Exercise prompt: Take the lines from the one containing "Before & After only" through the end of the material and write them out exactly, omitting pictures.

Data:
====
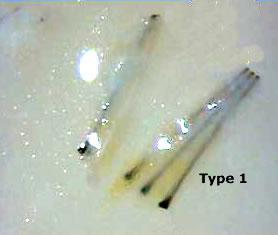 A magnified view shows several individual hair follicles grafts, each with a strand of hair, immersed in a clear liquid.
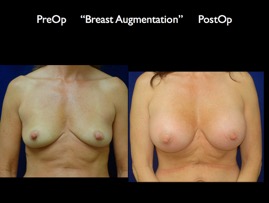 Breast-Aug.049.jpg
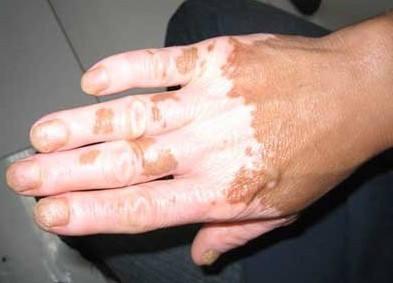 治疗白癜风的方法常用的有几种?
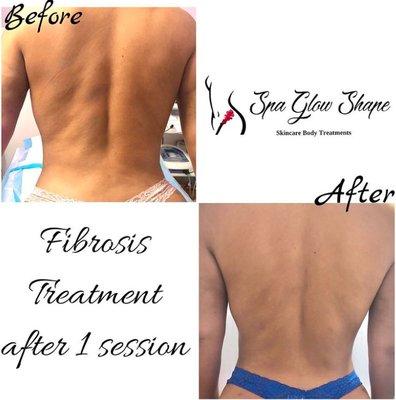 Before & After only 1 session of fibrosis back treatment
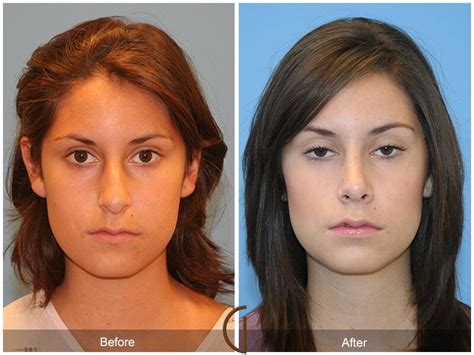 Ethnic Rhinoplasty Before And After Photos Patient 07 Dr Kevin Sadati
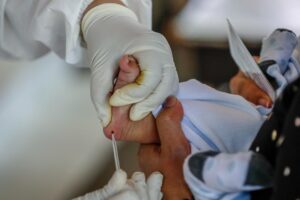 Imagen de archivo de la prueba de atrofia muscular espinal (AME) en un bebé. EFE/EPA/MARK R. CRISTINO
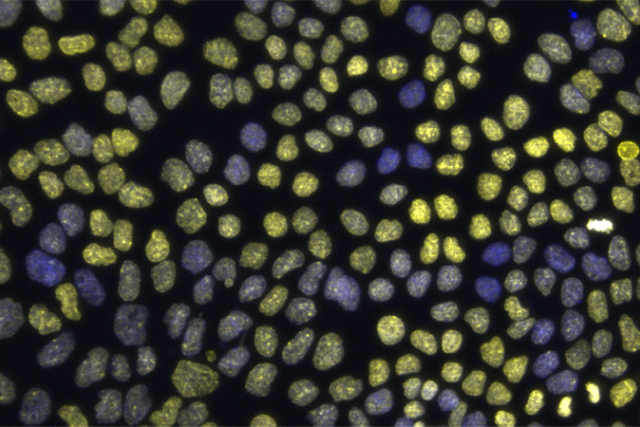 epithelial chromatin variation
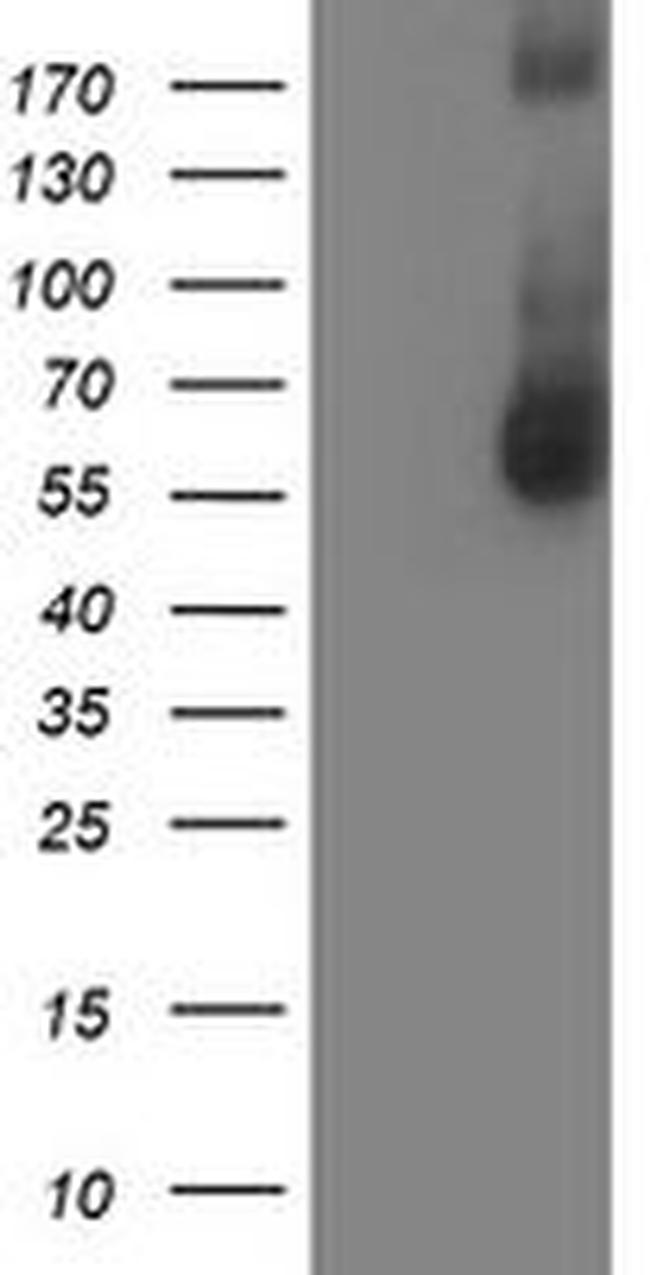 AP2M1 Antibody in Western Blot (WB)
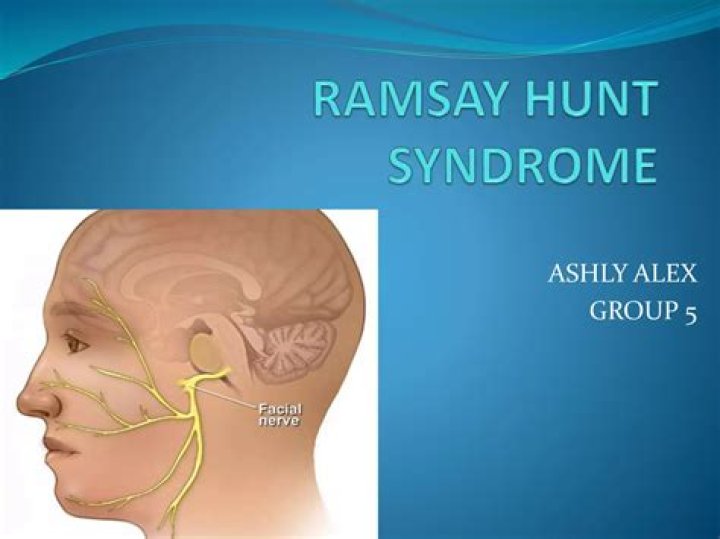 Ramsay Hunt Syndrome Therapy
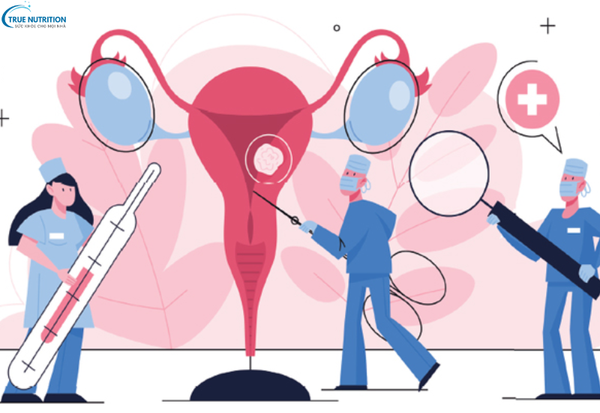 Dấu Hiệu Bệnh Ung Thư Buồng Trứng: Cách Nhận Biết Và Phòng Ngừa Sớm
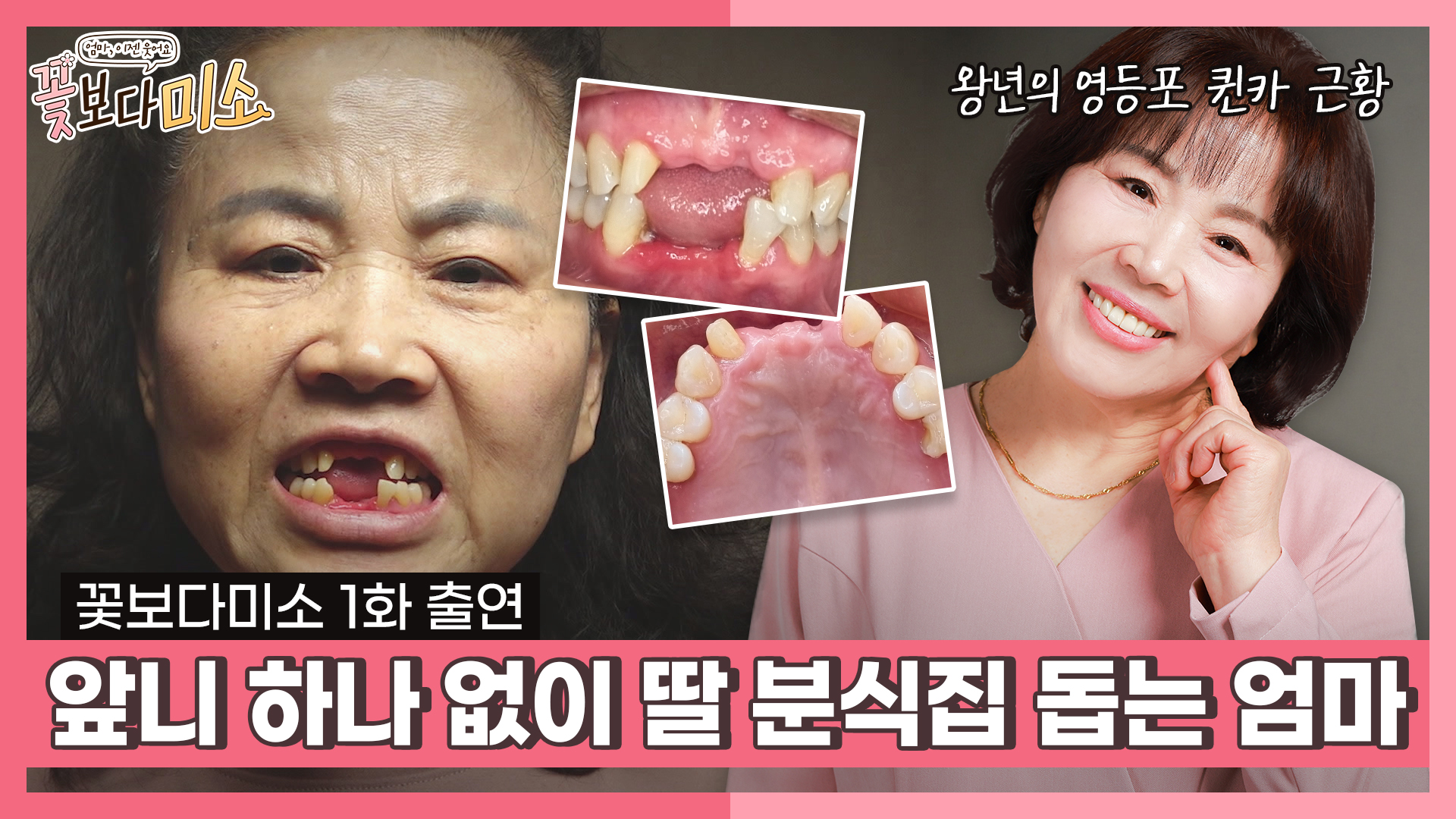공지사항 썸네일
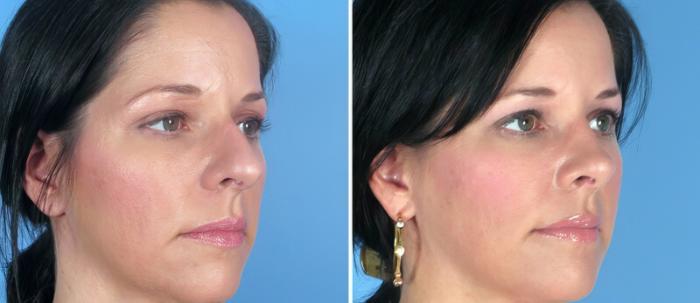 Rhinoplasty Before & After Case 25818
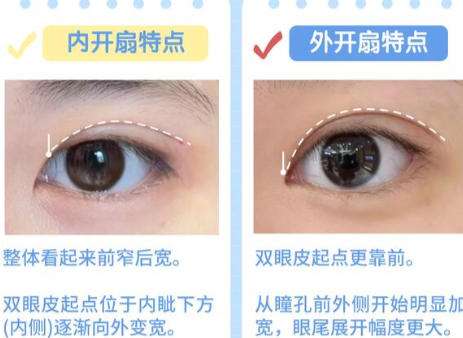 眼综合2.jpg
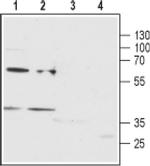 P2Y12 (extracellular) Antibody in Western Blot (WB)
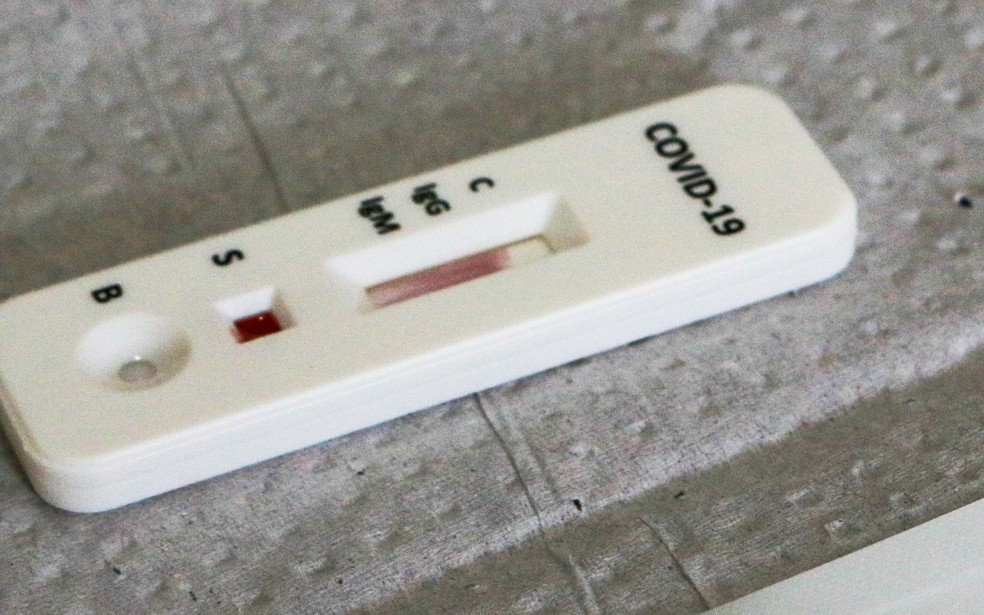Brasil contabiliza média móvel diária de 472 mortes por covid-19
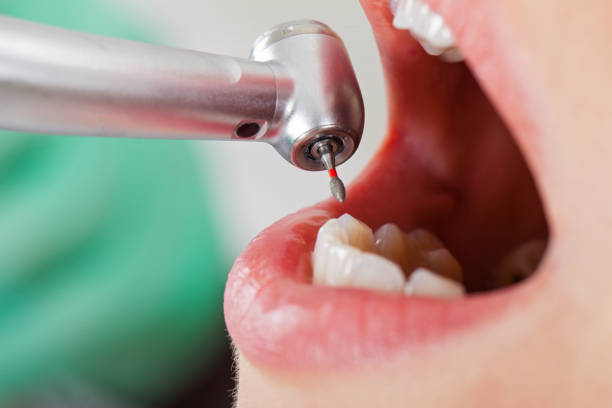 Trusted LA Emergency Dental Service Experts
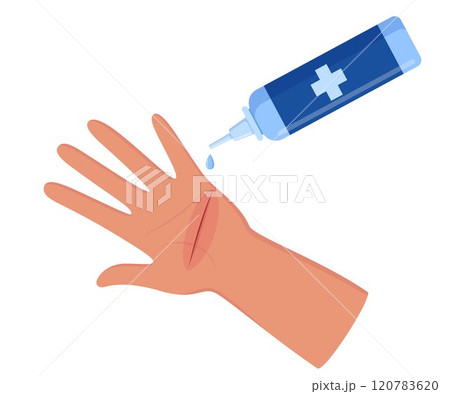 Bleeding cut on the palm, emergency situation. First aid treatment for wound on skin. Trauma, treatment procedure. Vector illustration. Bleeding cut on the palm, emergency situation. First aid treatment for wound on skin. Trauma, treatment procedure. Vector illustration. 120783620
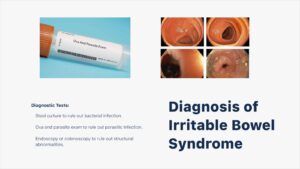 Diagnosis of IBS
====
Exercise solution:
 Before & After only 1 session of fibrosis back treatment
 Ethnic Rhinoplasty Before And After Photos Patient 07 Dr Kevin Sadati
 Imagen de archivo de la prueba de atrofia muscular espinal (AME) en un bebé. EFE/EPA/MARK R. CRISTINO
 epithelial chromatin variation
 AP2M1 Antibody in Western Blot (WB)
 Ramsay Hunt Syndrome Therapy
 Dấu Hiệu Bệnh Ung Thư Buồng Trứng: Cách Nhận Biết Và Phòng Ngừa Sớm
공지사항 썸네일
 Rhinoplasty Before & After Case 25818
 眼综合2.jpg
 P2Y12 (extracellular) Antibody in Western Blot (WB)
Brasil contabiliza média móvel diária de 472 mortes por covid-19
 Trusted LA Emergency Dental Service Experts
 Bleeding cut on the palm, emergency situation. First aid treatment for wound on skin. Trauma, treatment procedure. Vector illustration. Bleeding cut on the palm, emergency situation. First aid treatment for wound on skin. Trauma, treatment procedure. Vector illustration. 120783620
 Diagnosis of IBS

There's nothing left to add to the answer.